▼
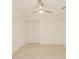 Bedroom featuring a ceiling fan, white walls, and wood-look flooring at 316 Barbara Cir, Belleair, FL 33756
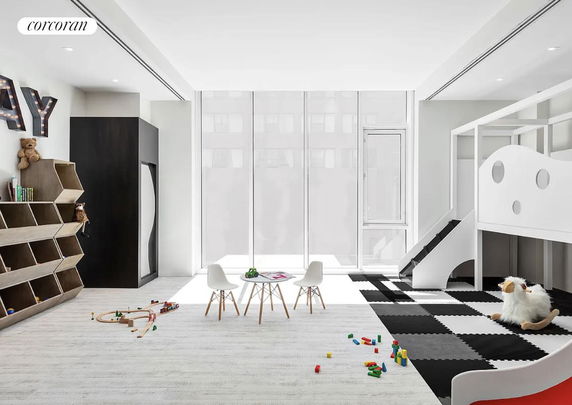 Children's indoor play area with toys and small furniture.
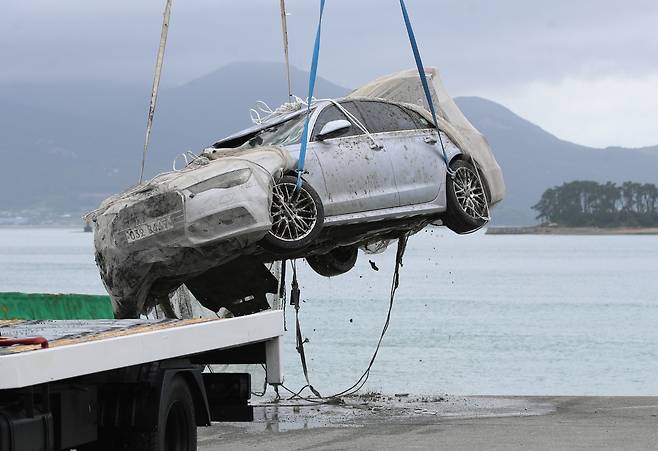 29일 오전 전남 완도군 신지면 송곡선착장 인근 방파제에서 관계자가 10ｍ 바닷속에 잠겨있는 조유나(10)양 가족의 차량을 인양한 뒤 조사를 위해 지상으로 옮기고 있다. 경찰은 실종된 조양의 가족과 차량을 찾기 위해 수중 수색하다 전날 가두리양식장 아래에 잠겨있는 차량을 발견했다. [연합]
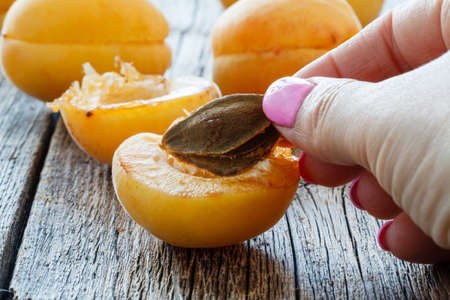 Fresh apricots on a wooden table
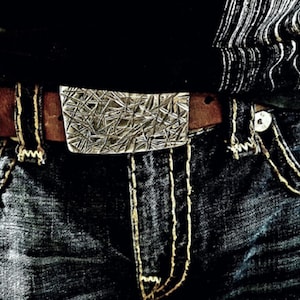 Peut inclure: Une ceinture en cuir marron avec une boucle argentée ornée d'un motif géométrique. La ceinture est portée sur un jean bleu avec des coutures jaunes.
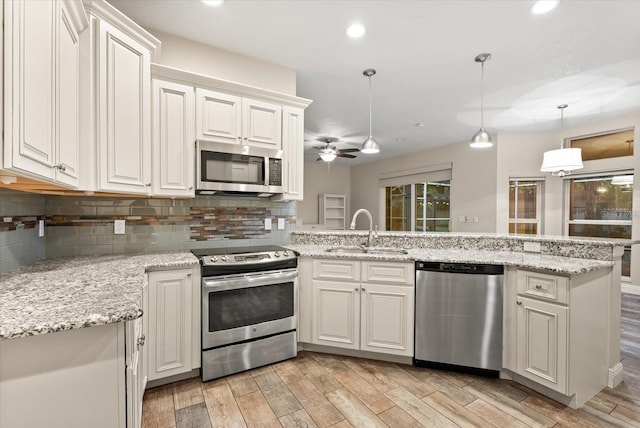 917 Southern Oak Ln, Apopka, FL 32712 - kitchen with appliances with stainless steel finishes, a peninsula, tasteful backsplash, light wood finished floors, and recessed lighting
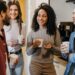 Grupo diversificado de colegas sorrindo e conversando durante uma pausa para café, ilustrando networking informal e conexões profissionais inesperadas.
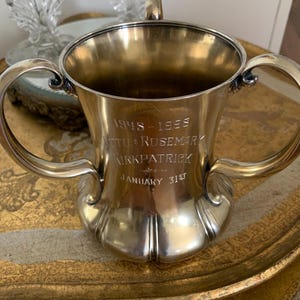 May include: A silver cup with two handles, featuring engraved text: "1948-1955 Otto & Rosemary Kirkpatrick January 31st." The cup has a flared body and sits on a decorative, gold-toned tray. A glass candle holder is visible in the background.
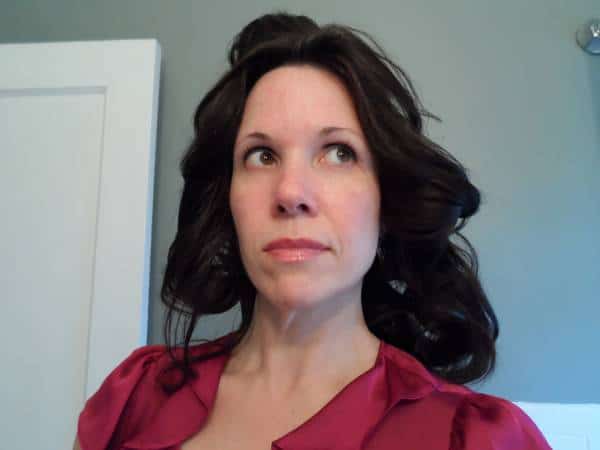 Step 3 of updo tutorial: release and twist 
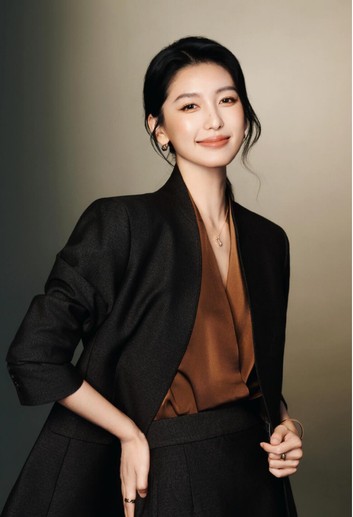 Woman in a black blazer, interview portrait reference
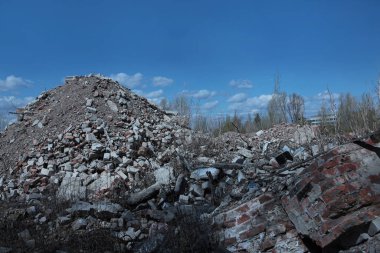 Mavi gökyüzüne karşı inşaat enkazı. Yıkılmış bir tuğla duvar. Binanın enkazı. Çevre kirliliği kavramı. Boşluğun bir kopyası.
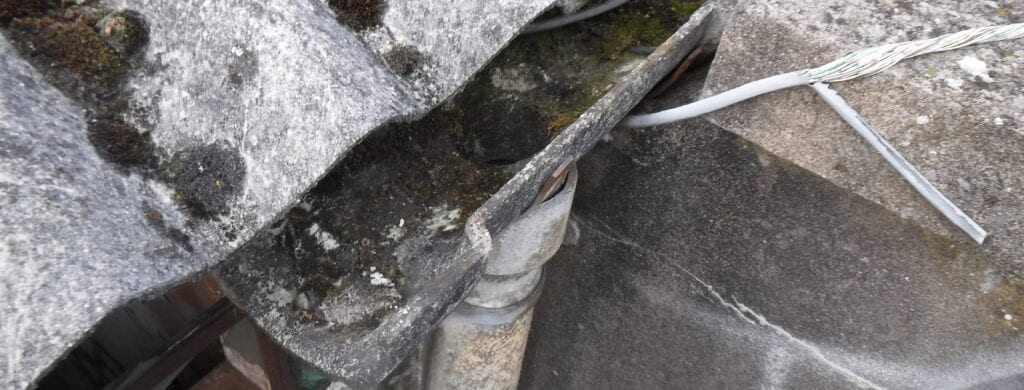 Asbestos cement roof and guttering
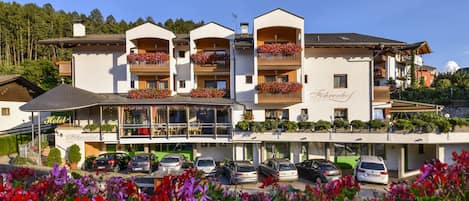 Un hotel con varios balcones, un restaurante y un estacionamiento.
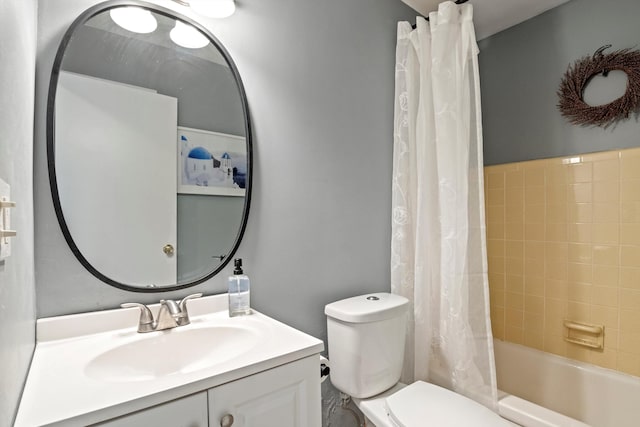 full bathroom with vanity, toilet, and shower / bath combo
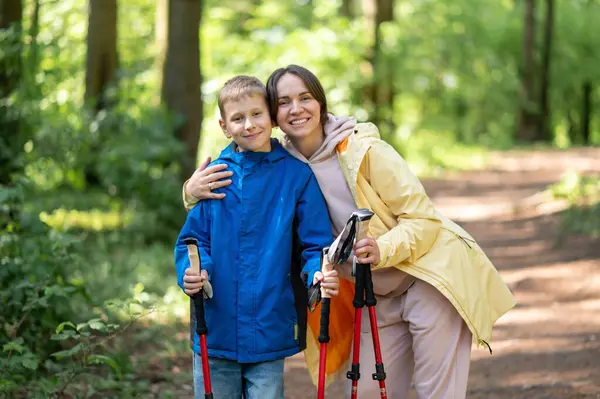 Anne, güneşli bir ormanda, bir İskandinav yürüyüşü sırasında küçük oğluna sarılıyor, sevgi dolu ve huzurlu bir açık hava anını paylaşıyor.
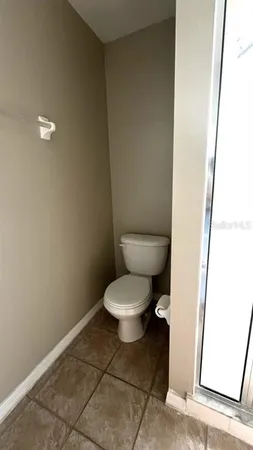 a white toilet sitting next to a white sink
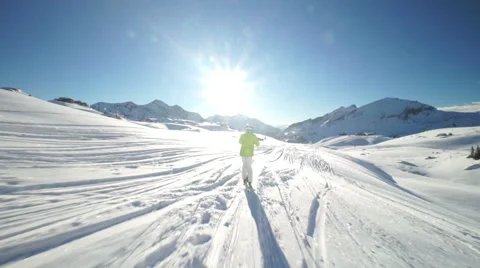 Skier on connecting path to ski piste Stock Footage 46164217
▲
Your goal: The response should consist of the lines above from the first through the one containing "full bathroom with", transcribed exactly, with every picture left out.

Solution for this exercise:
 Bedroom featuring a ceiling fan, white walls, and wood-look flooring at 316 Barbara Cir, Belleair, FL 33756
 Children's indoor play area with toys and small furniture.
 29일 오전 전남 완도군 신지면 송곡선착장 인근 방파제에서 관계자가 10ｍ 바닷속에 잠겨있는 조유나(10)양 가족의 차량을 인양한 뒤 조사를 위해 지상으로 옮기고 있다. 경찰은 실종된 조양의 가족과 차량을 찾기 위해 수중 수색하다 전날 가두리양식장 아래에 잠겨있는 차량을 발견했다. [연합]
 Fresh apricots on a wooden table
 Peut inclure: Une ceinture en cuir marron avec une boucle argentée ornée d'un motif géométrique. La ceinture est portée sur un jean bleu avec des coutures jaunes.
 917 Southern Oak Ln, Apopka, FL 32712 - kitchen with appliances with stainless steel finishes, a peninsula, tasteful backsplash, light wood finished floors, and recessed lighting
 Grupo diversificado de colegas sorrindo e conversando durante uma pausa para café, ilustrando networking informal e conexões profissionais inesperadas.
 May include: A silver cup with two handles, featuring engraved text: "1948-1955 Otto & Rosemary Kirkpatrick January 31st." The cup has a flared body and sits on a decorative, gold-toned tray. A glass candle holder is visible in the background.
 Step 3 of updo tutorial: release and twist 
 Woman in a black blazer, interview portrait reference
 Mavi gökyüzüne karşı inşaat enkazı. Yıkılmış bir tuğla duvar. Binanın enkazı. Çevre kirliliği kavramı. Boşluğun bir kopyası.
 Asbestos cement roof and guttering
 Un hotel con varios balcones, un restaurante y un estacionamiento.
 full bathroom with vanity, toilet, and shower / bath combo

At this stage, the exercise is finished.